Peter Strickland takes a bite out of the haute cuisine world in the Flux Gourmet trailer

Words by Charles Bramesco

Woman in white sitting on floor, holding mobile phone, surrounded by other people.
Woman in white sitting on floor, holding mobile phone, surrounded by other people.
In the oddball film, Asa Butterfield joins a musical collective using food for unusual, visceral performance art pieces.

Peter Strickland is a filmmaker of textures, training his camera like a microscope on the interwoven fibers of textiles (as in his haunted-dress horror story In Fabric) or the shimmery wings of butterflies (as in sapphic lepidopterology romance The Duke of Burgundy). His breakout feature Berberian Sound Studio looked at food in this same way, poring over the watermelons and cabbages mutilated in the course of foley effect recording; now, Strickland’s turning his attentions back to the gustatory.

This morning brings the first trailer for his latest film Flux Gourmet, its imagery fried until golden-brown and then slathered in a variety of gravies. We join a “culinary collective” making performance art from foodstuffs, their avant-garde take on music generated with sauces, vegetables, and cuts of meat in place of instruments.

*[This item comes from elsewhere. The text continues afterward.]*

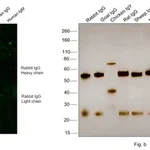 Thermo Fisher Scientific Goat anti-Rabbit IgG (Heavy chain) Superclonal Secondary Antibody, Alexa Fluor 488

The newcomer to this strange creative clique is Stones (Makis Papadimitriou), whose gastrointestinal unrest strikes the company’s stars — Billy Rubin (Asa Butterfield), Elle di Elle (Strickland regular Fatma Mohamed), and Lamina Propia (Ariane Labed) — as a potential gimmick for their act. While they pressure him into participating despite his misgivings about his weak stomach, tensions mount with the towering director Jan Stevens (Gwendoline Christie), who won’t let her authority be usurped by her underlings.

At this early stage, it’s unclear whether Strickland’s satirizing the art world, the culinary world, or anything at all — his work mixes arch humor with a sincere fascination for the outré, clear in the care with which he shoots his subjects. In claustrophobic close-up, a magenta-colored smoothie can look like the primordial ooze out of which humanity slithered, and a cranberry compote can turn into gore. He’s seemingly able to make anything look like anything.

The film’s premiere at the upcoming Berlinale will be something of a homecoming from Strickland, who opened his feature debut Katalin Varga in Competition there back in 2009. IFC has already scooped up distribution rights for the US, and sales for the UK are currently underway for what’s all but guaranteed to be one of this year’s genre highlights. Bon appetit!